No. We don't do that. There is an important abstraction layer between the 
Wiki and JOSM input data. I didn't introduce that because it thought I 
need to change anything, but because I wanted to take away the chance to 
do exactly what you propose here could be done.

As said - The time that JOSM parsed Wiki pages is long gone - except for 
start page and help - which are only displayed in a limited web-display 
(i.e. no javascript, ...), not parsed.

>>  So the same for plugins. Our open policy caused a lot of plugins
>>  introducing new features and attracted new developers. I don't want to
>>  change this without a real reason.
>
> Yeah, let's not get too distracted. This is not about stricter rules. It's 
> just about making sure that if config changes are made that affect JOSM 
> users, these config changes should not come from anonymous users. Or else, if 
> we don't want to do that, then we must at least invent something that shields 
> JOSM users from it - say, have a default mode in JOSM that is "only accept 
> configuration updates from registered JOSM contributors" vs. "accept 
> anonymous configuration updates from everyone", with the default being option 
> 1.

Again I assume that this written with the idea behind, that anybody can 
directly influence the data JOSM gets. This is not possible. You always 
have to pass through validity checks. There are leaks there as well, but 
they are much harder to explore than a simple "Edit the wiki".
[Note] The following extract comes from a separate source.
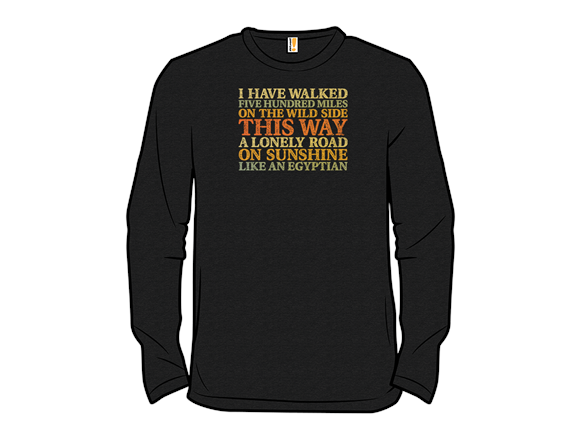 I Have Walked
The JOSM server cron can introduce a lot of additional checks in future to 
prevent certain types of attacks when the need arises. One reason why the 
server code is not public is that I want to prevent code analysis for 
potential security issues. I know "security by obscurity" does not work, 
but it at least increases the workload for the attacker and most tries to 
fiddle around with issues therein would cause a lot of logs to pop up in 
my mailbox.

Ciao
-- 
http://www.dstoecker.eu/ (PGP key available)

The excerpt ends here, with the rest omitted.